Running a successful club is harder than it looks, say the veterans of London's clubland
Sunday 01 October 1995
"If there was a magic success factor, I'd have a string of clubs by now. It's like a musical - sometimes people invest a lot, rehearse, prepare and it goes belly up. It's the right combination of good food, ambiance, staff, music and people. You have to put in many, many hours and hope the sweat and toil pays off. Jackie Collins described Tramp as being like an old hooker - warm, welcoming, makes you feel at home. I hope that's true - that for most of our members it's like walking into their own front room."
Tramp people: George Best, Michael Caine, Andrew Neil.
Peter Stringfellow, Stringfellow's (founded 15 years ago)

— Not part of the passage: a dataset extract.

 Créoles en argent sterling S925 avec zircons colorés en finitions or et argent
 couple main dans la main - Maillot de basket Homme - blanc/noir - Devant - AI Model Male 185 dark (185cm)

"I'm the most nightclub-lifestyle nightclub owner in the world. I love my club, I live above it, I'm there every night. Successful businessmen think 'Oh, I spend a lot of time in clubs, why don't I buy one' - that's like me saying 'I spend a lot of time at football matches, I'll go and play for England.' In six months they realise it's hard work. The first thing I'd say to anyone starting up is get divorced, do it now, you may as well, it'll come sooner or later. The other thing is the team of people round me - they've all been with me 10 years or more."

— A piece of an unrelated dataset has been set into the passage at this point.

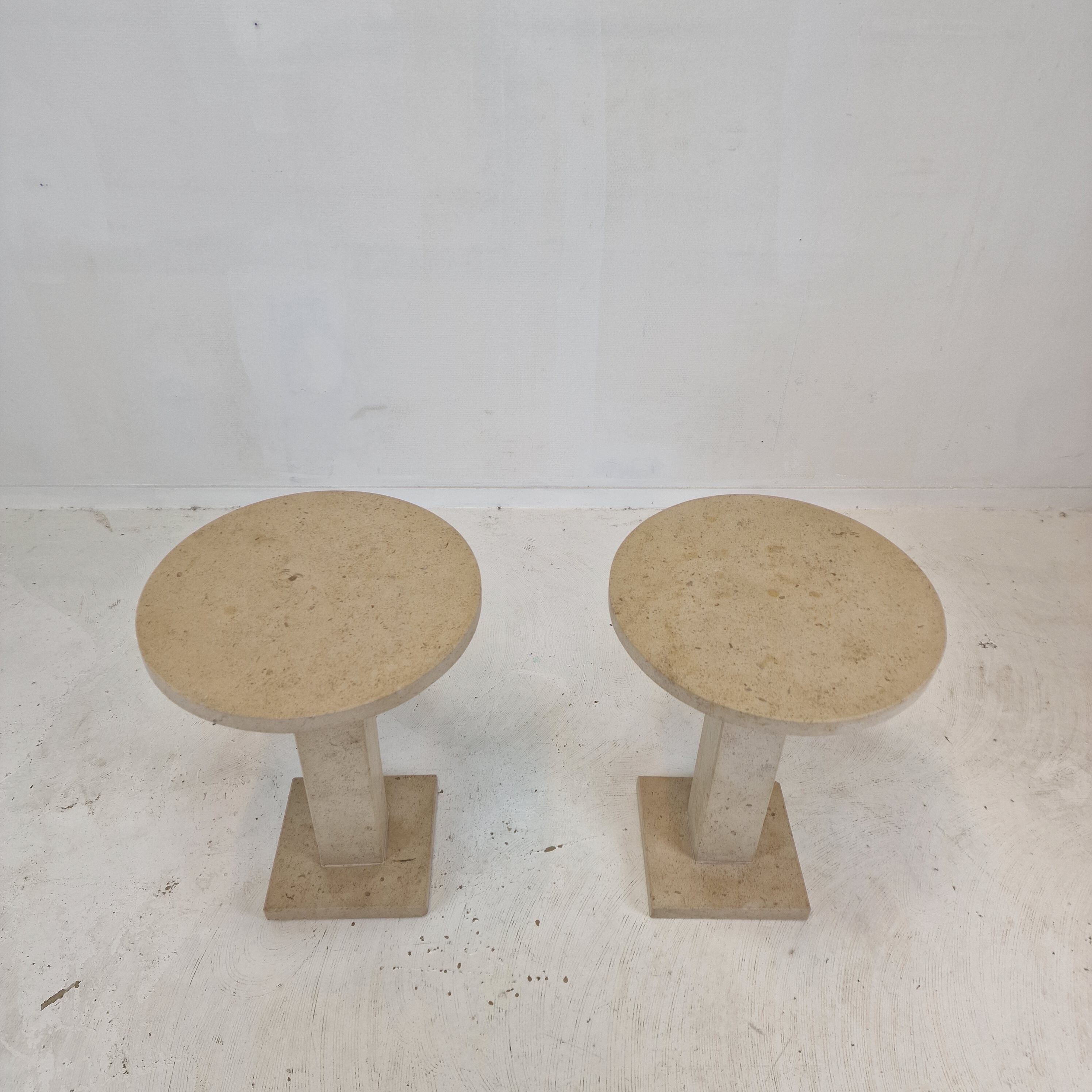 Set of 2 Italian Travertine for Stone Pedestals or Side Tables, 1980's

Stringfellow's people: Rod Stewart, Chris Quinten, and, lately, Blur and Oasis.
Tony Mackintosh, MD and founder member, The Groucho Club (founded 10 years ago)
"First of all, the members - people join a club to see their friends and peers and talk, so you need a core group with common requirements. Secondly, the management must be sympathetic -I always try to teach the managers that we are club servants, that this person is coming back tomorrow so we'd better look after him. And thirdly, as Mr Hilton said, location, location, location - it has to be convenient. You might go out of your way once in a while, but not regularly."
Groucho people: Melvyn Bragg, Stephen Fry, Nigella Lawson, Mariella Frostrup.
Anton Mosimann, Mosimann's (founded 7 years ago)
"I'm lucky because I have a wonderful, unique building that used to be a church. The food is vital - lots of foodies joined straightaway. But one of the most important things is knowing people. We know as many members as possible personally - their likes and dislikes, so we can spoil them. All members get birthday cards and if we know they have had a success, we keep in touch then also. To know people individually we have to limit numbers - people enjoy exclusivity. That's why this is a club, not a restaurant - people come two or three times a week and we can take care of them."
Mosimann's people: Britt Ekland, Mona Bauwens, ladies who lunch.
Liz Brewer, socialite and PR of many launches
"It's down to atmosphere - and, most important, the person behind the club, the person you identify with the establishment. Going to a club is more personal than going to a restaurant, you expect to be treated as a friend and made welcome - at Annabel's, for example, everyone knows you and greets you and you feel they really are pleased to see you. It's people, people, people - it doesn't matter if you're in a barn with sawdust on the floor if the person running the place has charisma. Also, comfort - if a new club's music is too loud or the chairs aren't comfortable or the lighting isn't flattering, you won't bother to try it again."